Tarım ve hayvancılığın yok edilmesiyle zorunlu göç ederek kentlere yerleşenler; köyüne, ilçesine, kısacası Anadolu’nun henüz rant uğruna kepçe girmemiş, HES uğruna ormanı, ırmağı yok edilmemiş yerlerine gidince Nazım’ın sözlerini hatırlamalarını umuyorum.
Sağımız solumuz, önümüz arkamız beton, taş duvar. Hislerimizin çarpıp yok olduğu taş yığınlar…
Rant hırsıyla dikilen binaların arasına sıkıştırılmış parklara götürdüğümüz çocuk ya da torunlarımızın; karıncayı, kuşu, yeşili tanımalarını bekliyoruz.
Oysa bizler Yozgat’ın bağında, bahçesinde, tarlasında, deresinde, ırmak kenarlarında, doğa ve toprakla büyümüş insanlarız.
Bu yüzden doğduğumuz toprakların çekim gücü olduğuna inanırım.
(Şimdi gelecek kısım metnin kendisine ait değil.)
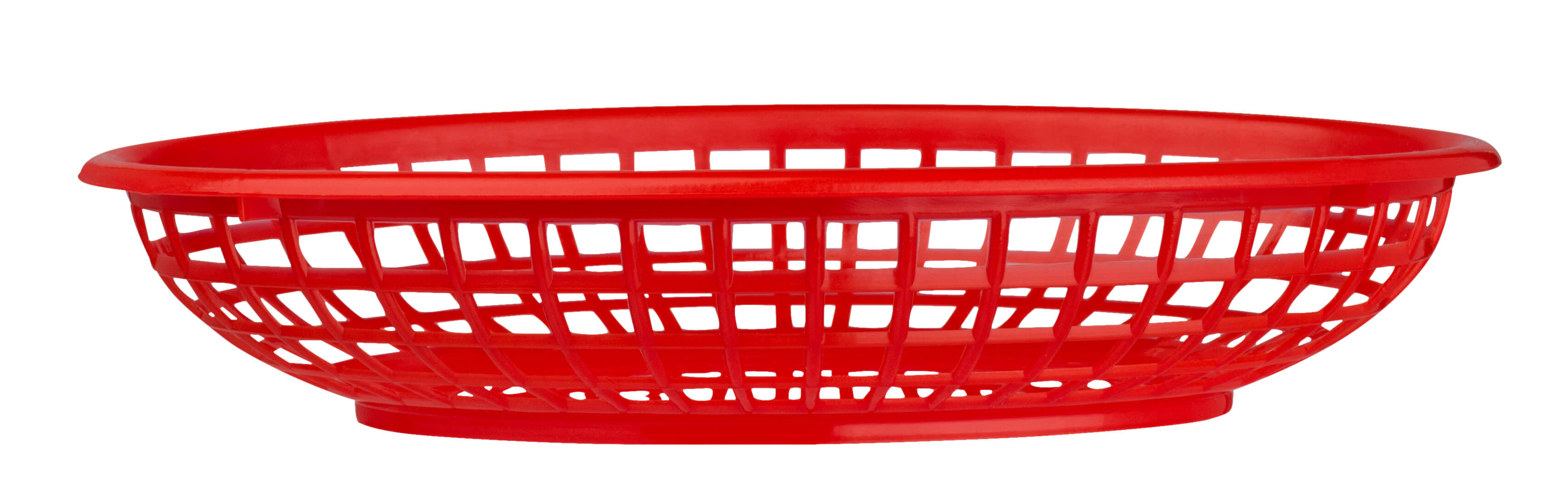 Table top basket red, PE, oval - 23,5x14,5x4,5cm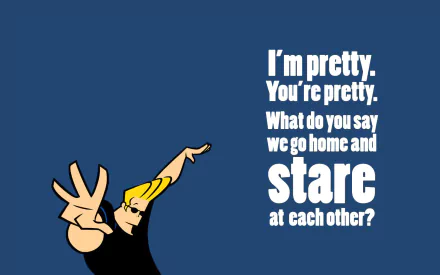 HD desktop wallpaper featuring Johnny Bravo with a flirtatious quote on a blue background.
Nerede, hangi şartlarda yasarsak yasayalım; aklımız, fikrimiz, yüreğimiz hep doğduğumuz topraklardadır. Evimiz, bahçemiz, tarlamız bizi çeker kendine. Hiçbir şeyimiz yoksa bile anılarımız, büyüdüğümüz yerde öylece bekler bizi.
Doğup büyüdüğüm Çekerek’i çok severim. Sosyal medya üzerinden paylaşılan video, resim, canlı yayın ne görürsem izlerim. Geçen gün çekilen bir videoyu büyük bir hevesle izlemeye başladım. Her şey çok güzel. Toprağımız yeşillenmiş, güneş ilçemizin üzerinde. Videoyu izlerken ilçeye biraz uzakta yaklaşık 15 kattan oluşan ikiz blokları gördüm. Kimileri sevinebilir çok katlı apartmanları görünce ama ben sevinemedim. Doğup büyüdüğümüz tek katlı, bahçeli evlere tepeden bakan kibirli, Çekerek’in doğal görüntüsünü bozan ikiz bloklara bakınca “Dikey mimariye geçiş mi başladı?” sorusu ile içimi bir korku kapladı.
Betonlar arasına sıkışmış yüreğimiz; şimdilik yazdan yaza ilçemizde, köylerimizde nefes alıyor. Ayağımız toprak görüyor. Gökyüzüne sanki elimizi uzatsak dokunabiliriz özgürlüğü ile doyasıya bakıyoruz. Bahçelerimizde eskisi gibi semaverleri yakıyor, çayımızı içiyoruz. Çocuklarımız toprakla, çamurla oynamanın keyfini yaşıyor.
Güzelim ilimizin, ilçemizin beton yığınlarıyla şehirleşeceğini düşünenler derhal bu hevesten dönmeliler. Beton yığını yerine bol bol ağaçlandırma yapmalılar.
Demem şu ki; İnsan, evinin penceresinden bakınca toprağı görmeli, eli erik ağacına değmeli. Erik koparmalı, eliyle silip oracıkta yemeli. Kuşlar daldan penceremize, penceremizden dala uçup konmalı. Dans etmeli, sesi evin içini doldurmalı. Karıncalar basmalı balkonları, bir ayağımız bahçede bir ayağımız evde olmalı. Öyle yakın olmalı insan toprağa.
Dikey yapılaşmanın olduğu şehirlerde, artan nüfus nedeniyle tarım alanlarının daralmaması gerekçesini hoşumuza gitmese de geçerli bulabiliriz. Fakat Yozgat ve ilçelerinin verdiği göçlerle azalan nüfusu, desteklenmeyen tarım ile boş kalan tarım arazileri söz konusu iken dikey yapılaşmayı onaylamak imkânsız.
Ben dikey-yatay mimari bilmem. Bildiğim bir şey varsa o da 15 katlı apartmanın 12. katında yaşamdan kopmuşçasına, kuş sesinden uzakta, toprağın, çiçeğin kokusundan habersiz yaşamamalı insan.
İnmeli, Nazım Hikmet gibi saygıyla oturmalı toprağa.